Folha de S. Paulo


O apogeu aos 19

RIO DE JANEIRO - "Casablanca", o filme de 1942 com Humphrey Bogart, é quase uma unanimidade do cinema — difícil encontrar quem não goste. A ação, como se sabe, se passa no Rick's, a boate-cassino em Casablanca frequentada por aventureiros internacionais, franceses colaboracionistas e os oficiais nazistas que ocupavam a região na Segunda Guerra. Há dias, morreu a última sobrevivente do elenco: a francesa Madeleine Lebeau, aos 92 anos. Tinha 19 quando fez o filme.

Seu papel era curto, mas marcante: o de Yvonne, a garota francesa que entra no Rick's de braço com um inimigo.
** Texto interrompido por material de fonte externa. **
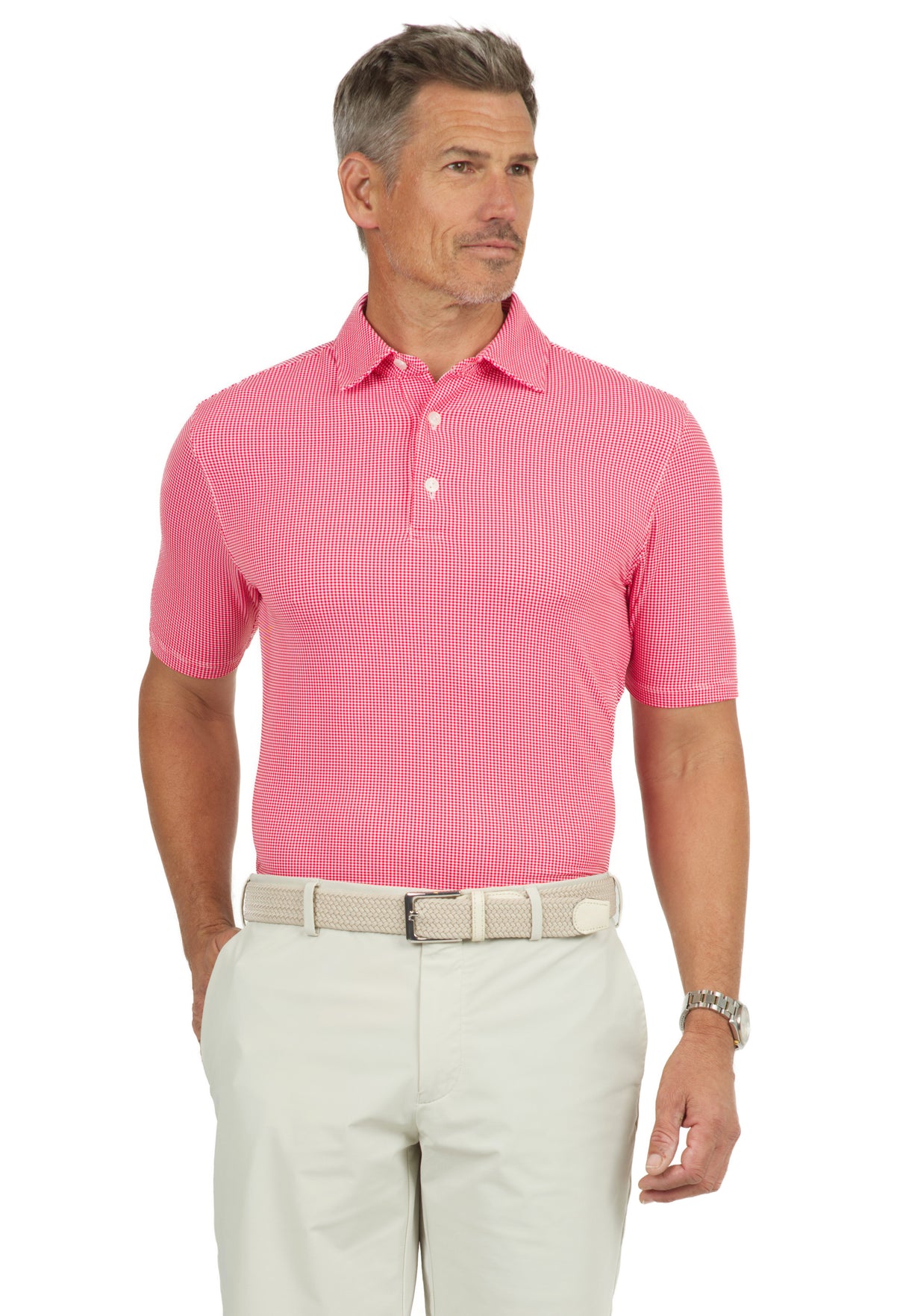 IBKÜL - Mini Check Print Short Sleeve Polo – 94754 (Modern Fit) - Color: Red/White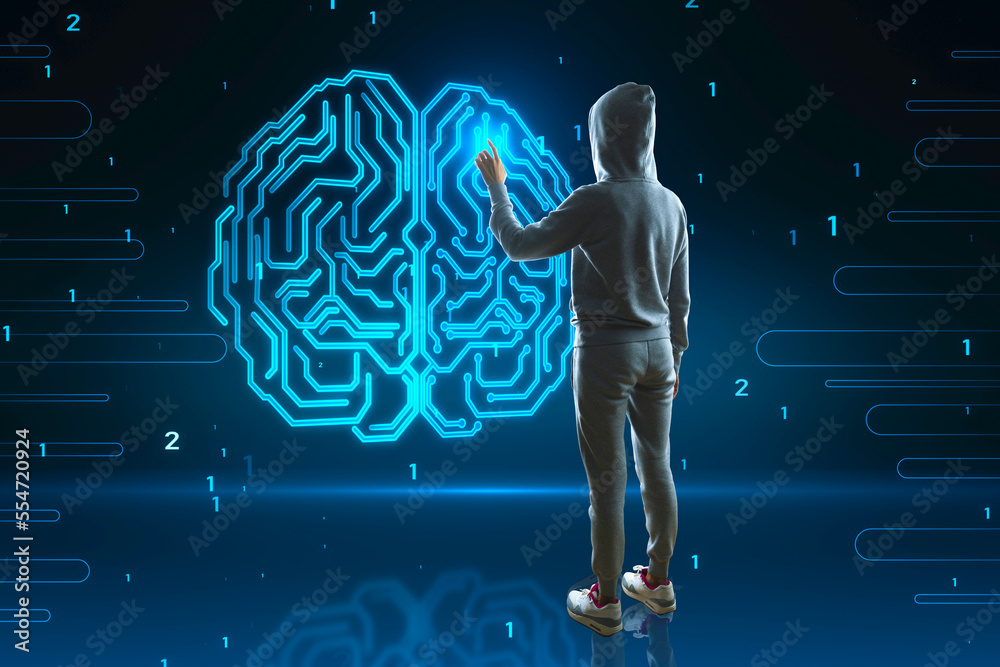 Aufkleber Back view of hacker in hoodie using abstract glowing human brain hologram on blurry background. Neurology research, hacking, data theft and artificial intelligence concept.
Isso provoca uma discussão que resulta no duelo de hinos patrióticos: os alemães cantando "Die Wacht am Rhein" e os franceses, "A Marselhesa". A força deste último inflama o nacionalismo dos franceses, inclusive o de Yvonne, que chuta o alemão e grita em close "Vive la France! Vive la démocratie!".

Na vida real, Madeleine acabara de viver uma situação que parecia tirada de "Casablanca". Ela e seu marido, o ator Marcel Dalio, famoso pelo clássico "A Grande Ilusão" (1937), de Jean Renoir, tinham deixado a França pouco antes da Ocupação e se refugiado no México, onde esperaram longamente por um país que os acolhesse. Tal país foi os EUA e os dois acabaram em "Casablanca", em que Dalio interpretou (sem crédito) o crupiê do Rick's.

Depois do filme, eles se separaram. Dalio consolidou sua carreira americana e Madeleine voltou para a Europa, onde se casou com Tullio Pinelli, roteirista de Fellini em suas obras-primas dos anos 50/60, como "A Estrada da Vida", "A Doce Vida", "8 ½". Nesta última, de 1963, Madeleine contracena com Marcello Mastroianni num papel em que interpreta... Madeleine, uma atriz francesa.

Podia haver melhor papel para uma menina que conheceu o apogeu aos 19 anos e teve outros longos 73 para se lembrar disto?